** Opening Exercise material block **

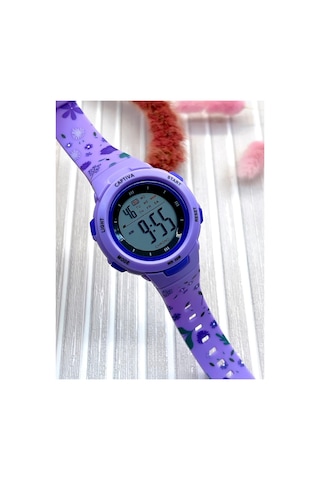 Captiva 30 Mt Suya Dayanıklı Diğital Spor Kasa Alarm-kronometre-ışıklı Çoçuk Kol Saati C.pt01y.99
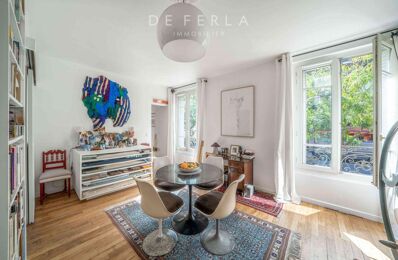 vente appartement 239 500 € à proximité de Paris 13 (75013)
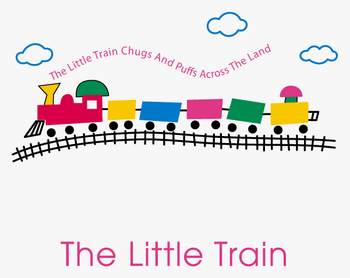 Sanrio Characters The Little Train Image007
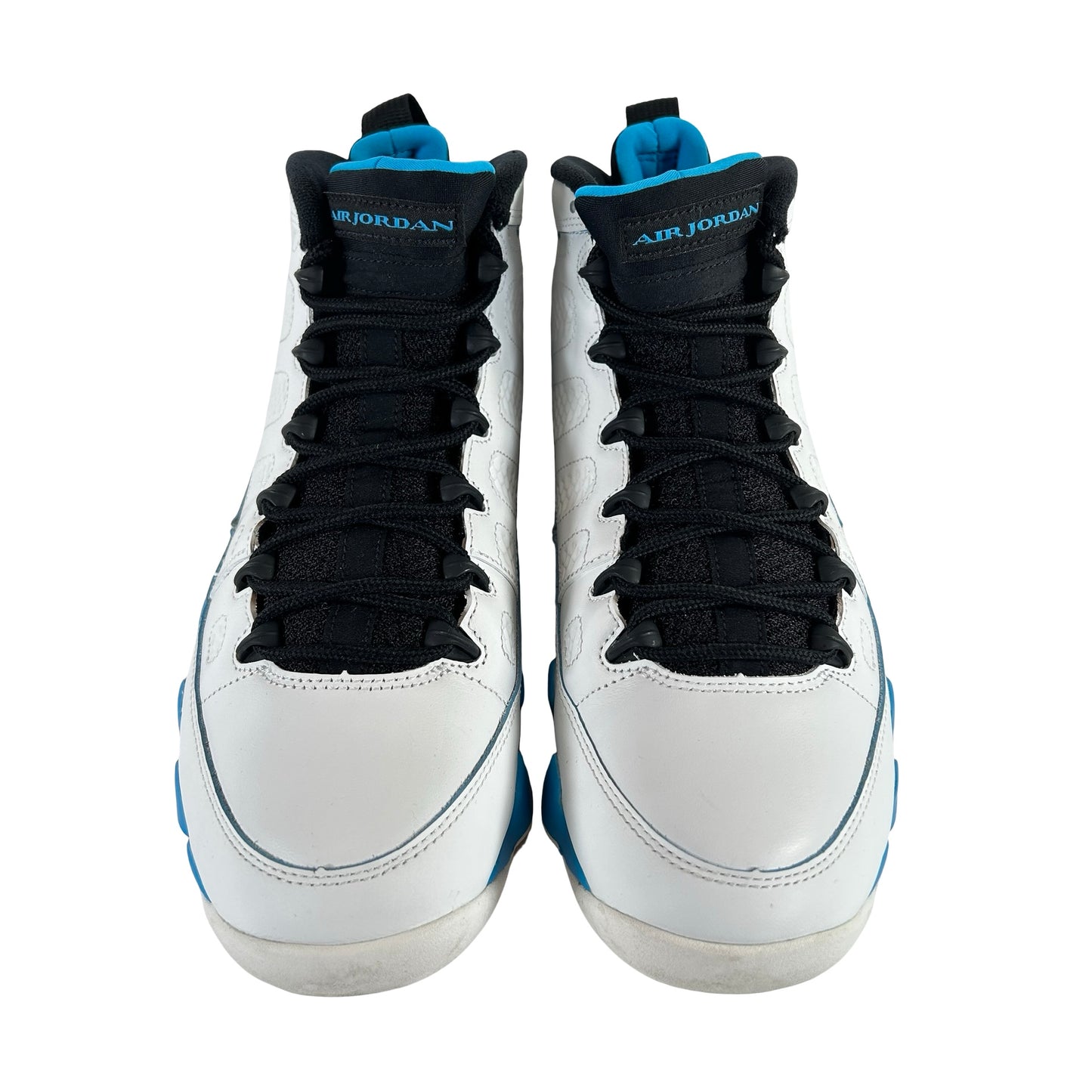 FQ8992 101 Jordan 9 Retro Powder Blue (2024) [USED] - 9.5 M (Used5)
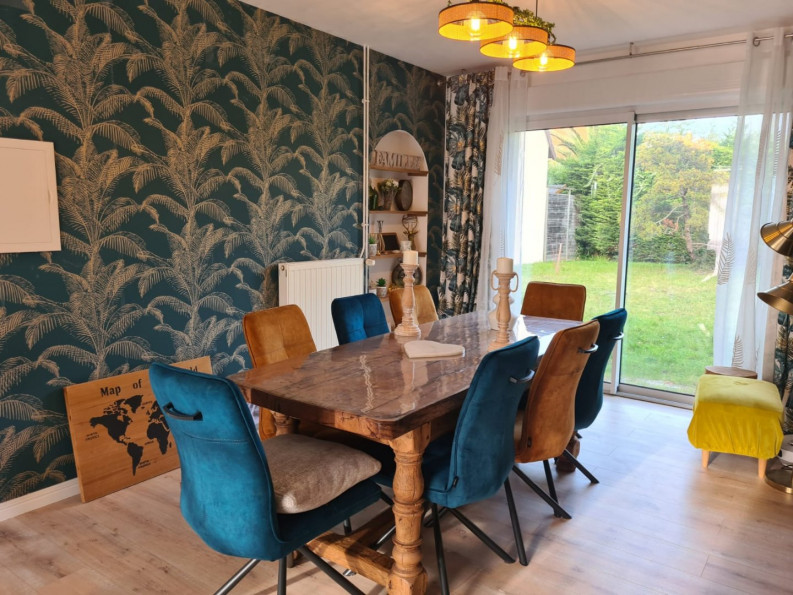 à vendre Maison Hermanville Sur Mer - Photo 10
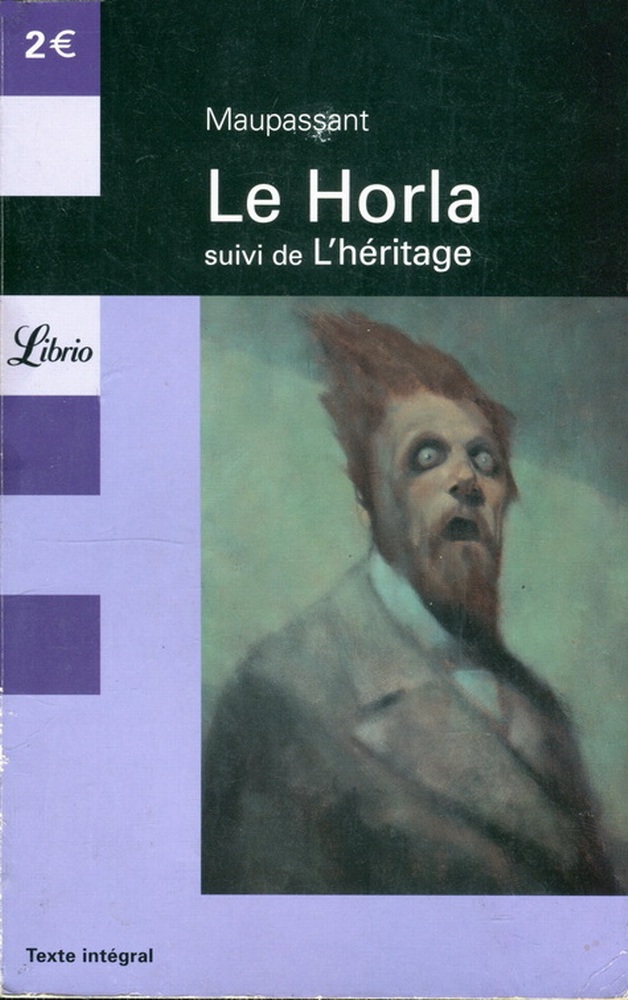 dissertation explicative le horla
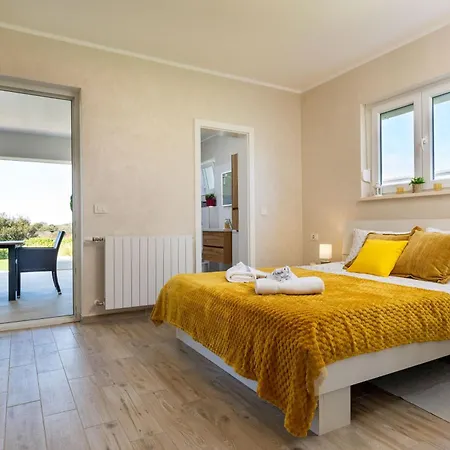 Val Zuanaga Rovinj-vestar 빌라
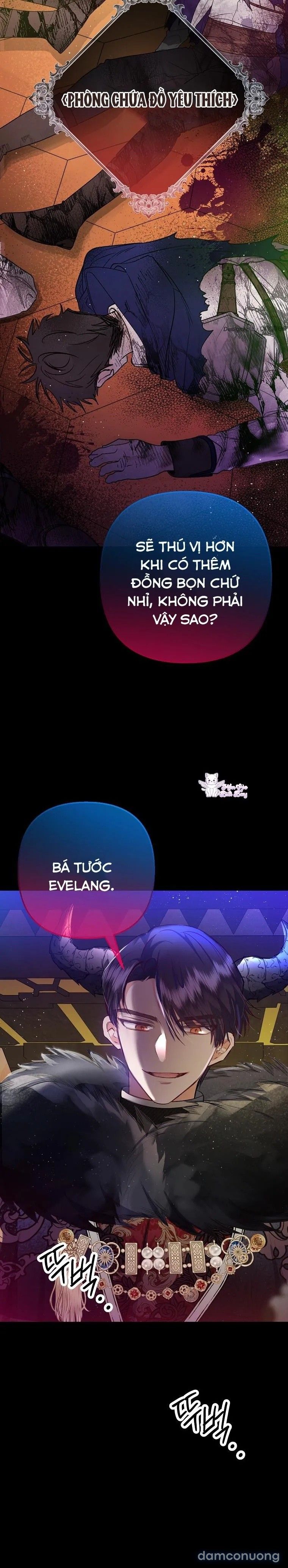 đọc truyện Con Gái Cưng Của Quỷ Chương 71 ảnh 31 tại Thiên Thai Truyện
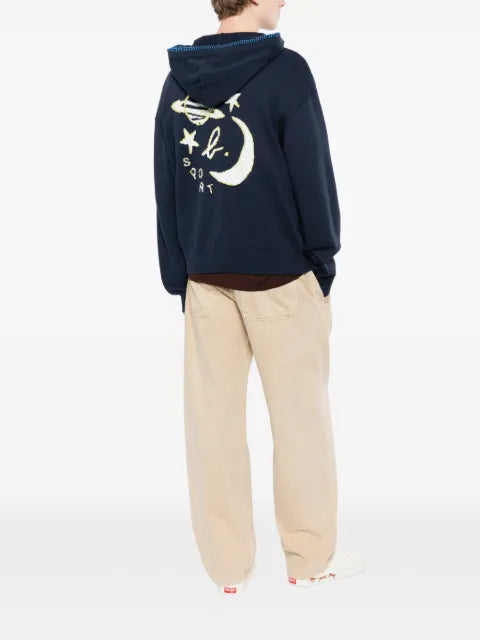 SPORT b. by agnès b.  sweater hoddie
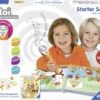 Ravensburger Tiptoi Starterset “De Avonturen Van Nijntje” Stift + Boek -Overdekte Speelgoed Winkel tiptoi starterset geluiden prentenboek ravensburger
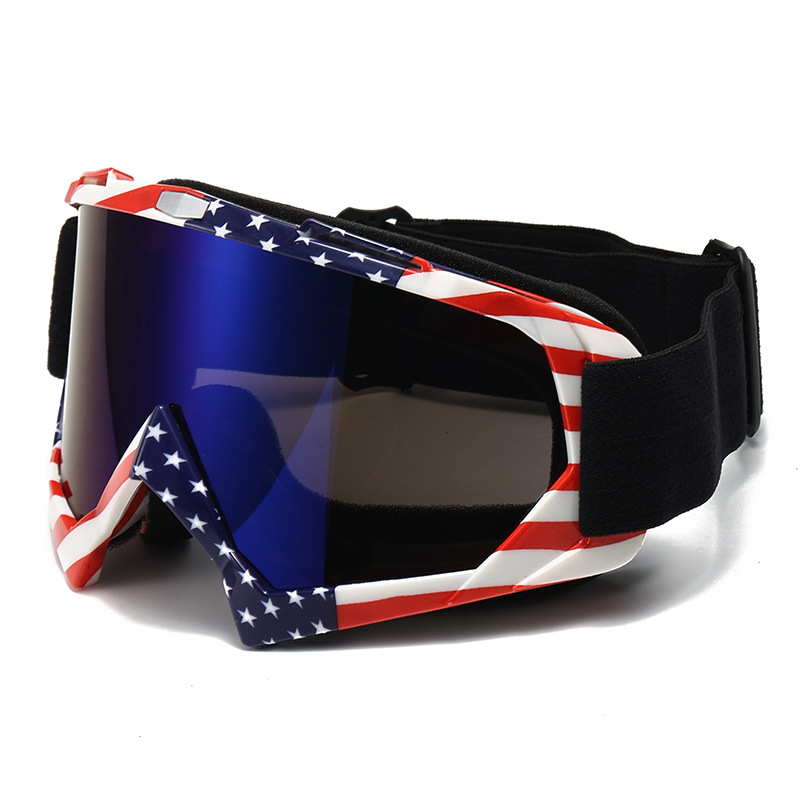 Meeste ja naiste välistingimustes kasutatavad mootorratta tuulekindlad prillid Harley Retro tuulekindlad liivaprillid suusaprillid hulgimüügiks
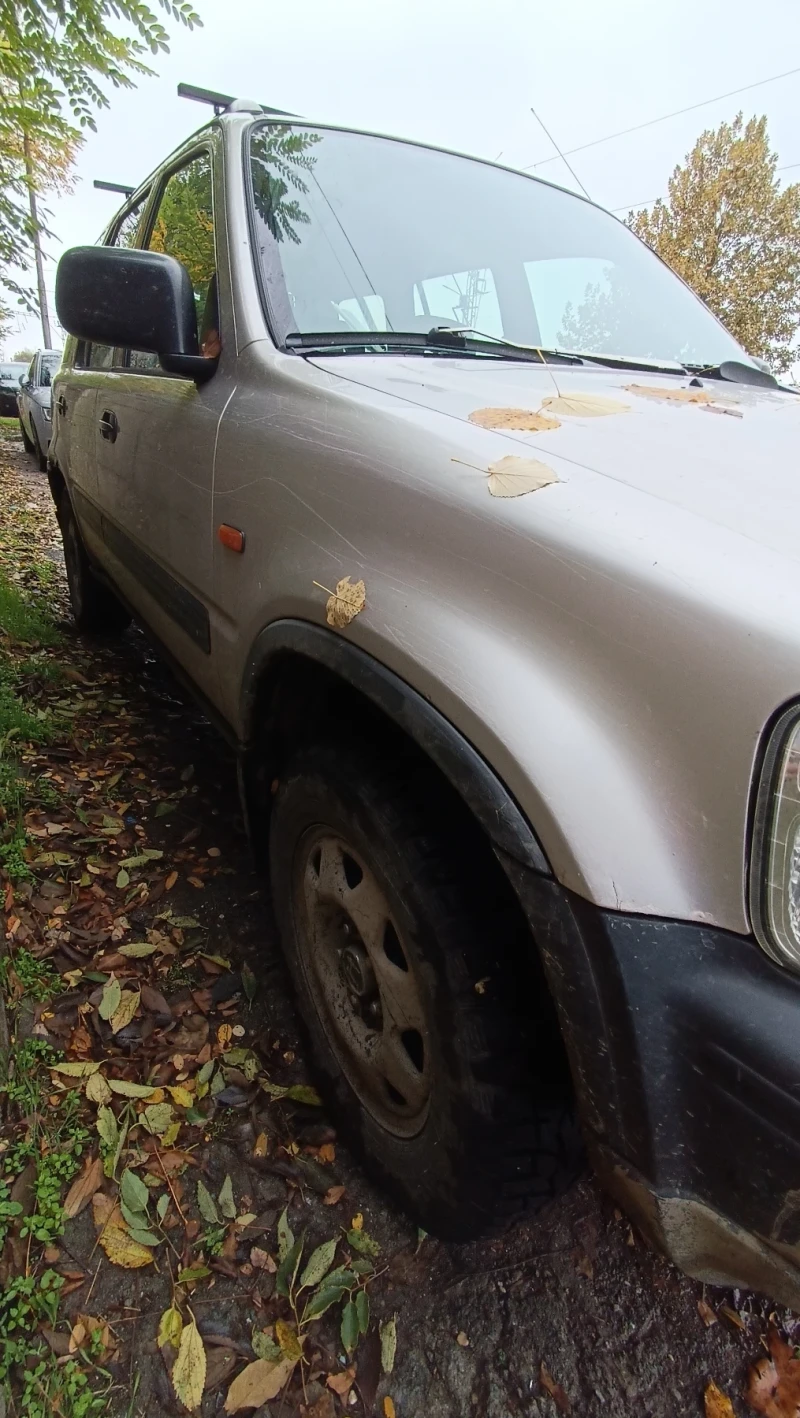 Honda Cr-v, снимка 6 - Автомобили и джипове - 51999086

** Closing Exercise material block **

Your instructions
Restate verbatim the lines that begin at the one holding "vente appartement 239" and end at the last line of the material. Exclude pictures.

Reply
 vente appartement 239 500 € à proximité de Paris 13 (75013)
 Sanrio Characters The Little Train Image007
 FQ8992 101 Jordan 9 Retro Powder Blue (2024) [USED] - 9.5 M (Used5)
 à vendre Maison Hermanville Sur Mer - Photo 10
 dissertation explicative le horla
 Val Zuanaga Rovinj-vestar 빌라
 đọc truyện Con Gái Cưng Của Quỷ Chương 71 ảnh 31 tại Thiên Thai Truyện
 SPORT b. by agnès b.  sweater hoddie
 Ravensburger Tiptoi Starterset “De Avonturen Van Nijntje” Stift + Boek -Overdekte Speelgoed Winkel tiptoi starterset geluiden prentenboek ravensburger
 Meeste ja naiste välistingimustes kasutatavad mootorratta tuulekindlad prillid Harley Retro tuulekindlad liivaprillid suusaprillid hulgimüügiks
 Honda Cr-v, снимка 6 - Автомобили и джипове - 51999086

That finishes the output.